**RAW DATA**
————————

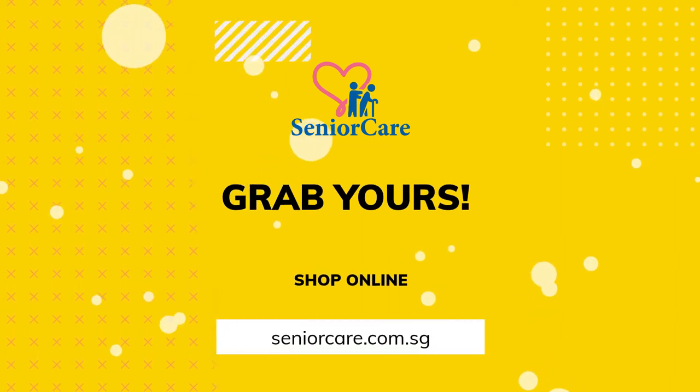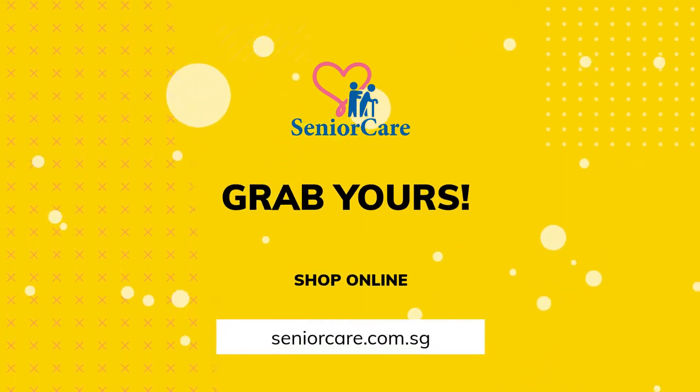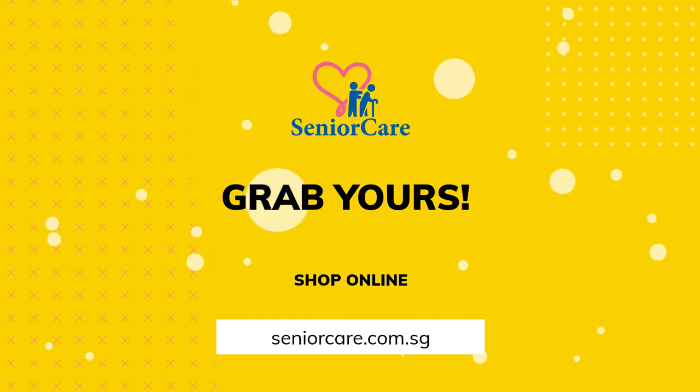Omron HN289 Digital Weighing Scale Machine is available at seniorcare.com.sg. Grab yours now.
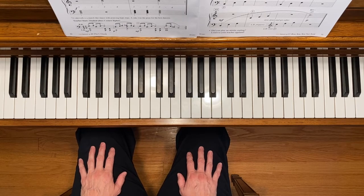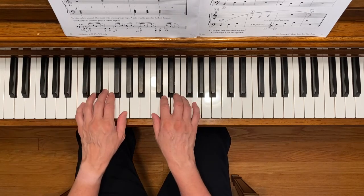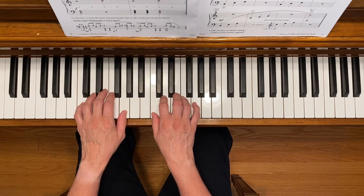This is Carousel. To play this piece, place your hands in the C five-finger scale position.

————————

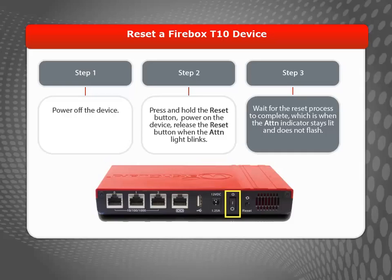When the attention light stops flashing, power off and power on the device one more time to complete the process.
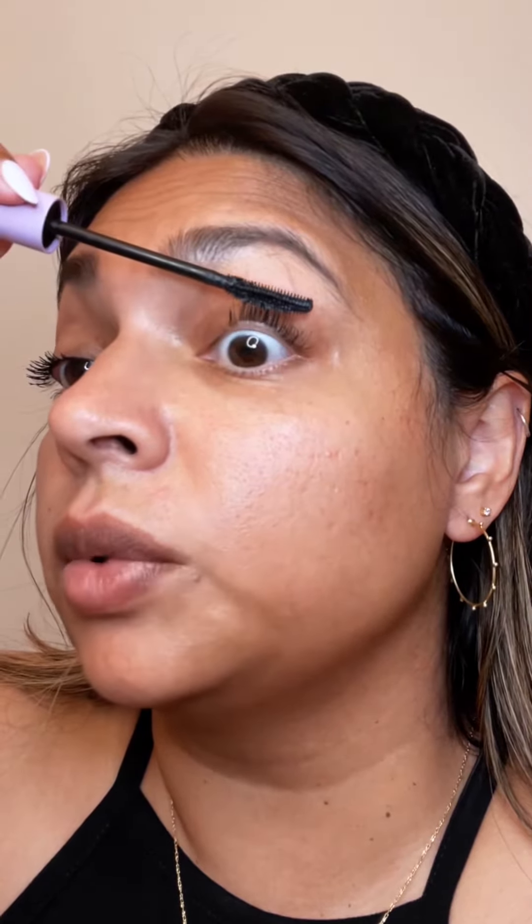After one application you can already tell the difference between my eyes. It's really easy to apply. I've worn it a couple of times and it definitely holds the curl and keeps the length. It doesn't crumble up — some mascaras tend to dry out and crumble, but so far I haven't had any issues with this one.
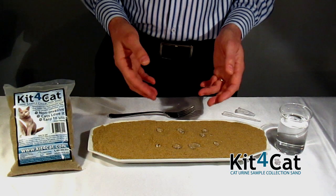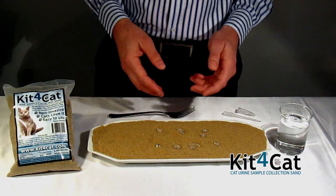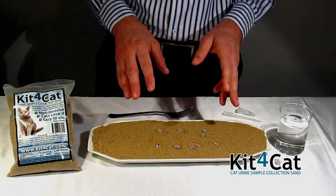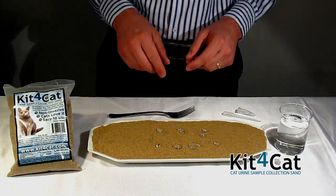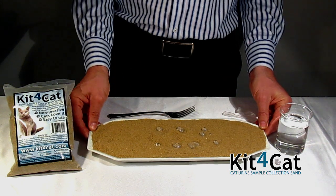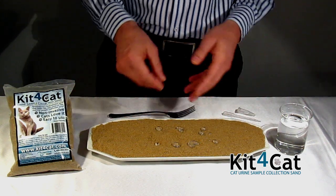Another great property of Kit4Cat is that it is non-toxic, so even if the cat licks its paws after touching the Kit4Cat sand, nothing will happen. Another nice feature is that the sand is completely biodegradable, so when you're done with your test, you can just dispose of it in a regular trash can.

————————

**PROMPT**
For this exercise, return exactly the lines above from the line with "When the attention" through the line with "Another great property", both included. Do not copy the pictures.

**WRITTEN RESPONSE**
When the attention light stops flashing, power off and power on the device one more time to complete the process.
After one application you can already tell the difference between my eyes. It's really easy to apply. I've worn it a couple of times and it definitely holds the curl and keeps the length. It doesn't crumble up — some mascaras tend to dry out and crumble, but so far I haven't had any issues with this one.
Another great property of Kit4Cat is that it is non-toxic, so even if the cat licks its paws after touching the Kit4Cat sand, nothing will happen. Another nice feature is that the sand is completely biodegradable, so when you're done with your test, you can just dispose of it in a regular trash can.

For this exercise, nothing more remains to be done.